- Your instructions -
Quote exactly, and only, the lines of the material below from the line with "这一连贯动 这一连贯动" through the line with "Romeo and Juliet".
(Provided records)
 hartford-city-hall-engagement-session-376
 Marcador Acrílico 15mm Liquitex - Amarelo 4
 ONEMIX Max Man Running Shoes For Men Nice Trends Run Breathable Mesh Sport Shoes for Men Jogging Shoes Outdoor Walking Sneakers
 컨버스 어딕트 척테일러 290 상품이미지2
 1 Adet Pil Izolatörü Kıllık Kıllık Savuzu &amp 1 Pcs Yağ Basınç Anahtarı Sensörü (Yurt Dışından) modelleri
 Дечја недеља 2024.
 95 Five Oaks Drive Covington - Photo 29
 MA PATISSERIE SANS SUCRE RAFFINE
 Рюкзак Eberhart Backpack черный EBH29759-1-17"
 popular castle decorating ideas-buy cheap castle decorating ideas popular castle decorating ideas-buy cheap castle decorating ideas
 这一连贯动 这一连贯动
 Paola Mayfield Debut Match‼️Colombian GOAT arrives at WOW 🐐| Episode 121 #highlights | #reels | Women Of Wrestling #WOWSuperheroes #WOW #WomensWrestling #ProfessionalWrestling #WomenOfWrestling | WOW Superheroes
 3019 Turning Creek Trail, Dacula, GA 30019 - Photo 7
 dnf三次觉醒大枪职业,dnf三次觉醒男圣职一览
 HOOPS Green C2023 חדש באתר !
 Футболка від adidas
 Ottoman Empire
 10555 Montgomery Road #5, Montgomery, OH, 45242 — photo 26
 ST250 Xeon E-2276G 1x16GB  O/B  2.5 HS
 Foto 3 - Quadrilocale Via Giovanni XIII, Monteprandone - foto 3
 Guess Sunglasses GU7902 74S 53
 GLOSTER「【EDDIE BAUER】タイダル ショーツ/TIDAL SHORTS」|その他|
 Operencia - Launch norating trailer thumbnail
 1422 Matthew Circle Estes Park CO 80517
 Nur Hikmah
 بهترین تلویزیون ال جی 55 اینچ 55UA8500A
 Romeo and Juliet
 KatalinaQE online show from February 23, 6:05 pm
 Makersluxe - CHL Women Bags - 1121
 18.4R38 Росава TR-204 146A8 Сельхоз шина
(End Provided records)
- Task result -
 这一连贯动 这一连贯动
 Paola Mayfield Debut Match‼️Colombian GOAT arrives at WOW 🐐| Episode 121 #highlights | #reels | Women Of Wrestling #WOWSuperheroes #WOW #WomensWrestling #ProfessionalWrestling #WomenOfWrestling | WOW Superheroes
 3019 Turning Creek Trail, Dacula, GA 30019 - Photo 7
 dnf三次觉醒大枪职业,dnf三次觉醒男圣职一览
 HOOPS Green C2023 חדש באתר !
 Футболка від adidas
 Ottoman Empire
 10555 Montgomery Road #5, Montgomery, OH, 45242 — photo 26
 ST250 Xeon E-2276G 1x16GB  O/B  2.5 HS
 Foto 3 - Quadrilocale Via Giovanni XIII, Monteprandone - foto 3
 Guess Sunglasses GU7902 74S 53
 GLOSTER「【EDDIE BAUER】タイダル ショーツ/TIDAL SHORTS」|その他|
 Operencia - Launch norating trailer thumbnail
 1422 Matthew Circle Estes Park CO 80517
 Nur Hikmah
 بهترین تلویزیون ال جی 55 اینچ 55UA8500A
 Romeo and Juliet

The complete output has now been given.